「LOSER」ソウルの春 ブレミンさんの映画レビュー(感想・評価)
LOSER
韓国で実際に起こったクーデターを基に作られた作品で、韓国映画はこういうジャンルを手掛けるのがうまいなと改めて思いました。
時系列的には「KCIA 南山の部長たち」の後の出来事らしいので違う作品でもこうして繋がるのはちょっと面白かったです。
チャン・ドゥグァン(のちの韓国大統領)があの手この手を使ってクーデターを企てるのをイ・テシン将軍が阻止しようと奮起する情報戦がメインです。
ドゥグァンは頭が良いというよりかは、手段を問わない脳筋寄りに見えて、結構失敗しそうなものでさえもアイデアでゴリ押すという型にハマらないタイプでとっても厄介そうでした。
対立していない陣営をどうやって自分たちの味方に取り込めるかの攻防はとても見応えがあり、うまいこと行っていたのに権力に叩き潰され、成功目前まで行ったのに味方が足を引っ張ったりと思った通りに行かずにモヤモヤさせられるのも当時を体験しているかのようでした。

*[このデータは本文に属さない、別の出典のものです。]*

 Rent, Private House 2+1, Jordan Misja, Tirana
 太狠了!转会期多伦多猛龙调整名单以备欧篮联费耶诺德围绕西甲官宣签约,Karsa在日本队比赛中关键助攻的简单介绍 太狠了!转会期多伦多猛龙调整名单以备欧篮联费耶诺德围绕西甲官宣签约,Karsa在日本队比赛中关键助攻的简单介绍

立場によって抱える責任に葛藤するものもいれば、自分の立場に甘えた判断を下すものもおり、緊迫した状況で人間がどんな行動を取るのかというのが事細かく描かれていて面白かったです。
かつての友人を任務とはいえ殺してしまったり、判断は間違っていないのに締められてしまったりととにかく無念無念の連続でした。
結末こそ見えていたのに、テシン側の勝利を願っていましたし、そこが叶わないとポキっと折れてしまった瞬間は中々に絶望ものでした。
バリケードをくぐっていくけれどドゥグァンには全く歯が立たず、テジン側は高みの見物。
そこから勝利を確信したテジンの高笑いにはとてつもない狂気が宿っておりゾクゾクさせられました。
その後の写真でクーデターの首謀者たちは全員国に関わる役職についており、長らく国を支配する事になったというのが現実の話なんですから戦々恐々としてしまいました。
エンドロールも仰々しい曲なので観終わった後に全くスッキリできないのも新鮮な体験でした。
胸糞と言われていた割にはまだマシかなとは思いましたが、現実でこれがあったとなると相当にキツいよなと底知れない罪悪感にも襲われました。
韓国の歴史を知れば知るほど今作の良さが分かるんだろうなとは思いました。
大々的な人間ドラマで盛り上がりを作る訳ではなく、最小限の脚色でリアルを魅せる作りが凄かったです。
こういうタイプの作品を見るたびに毎回思ってるのでいい加減書籍の一つや二つくらい触れるべきだろうと自分にメスを刺しておきます。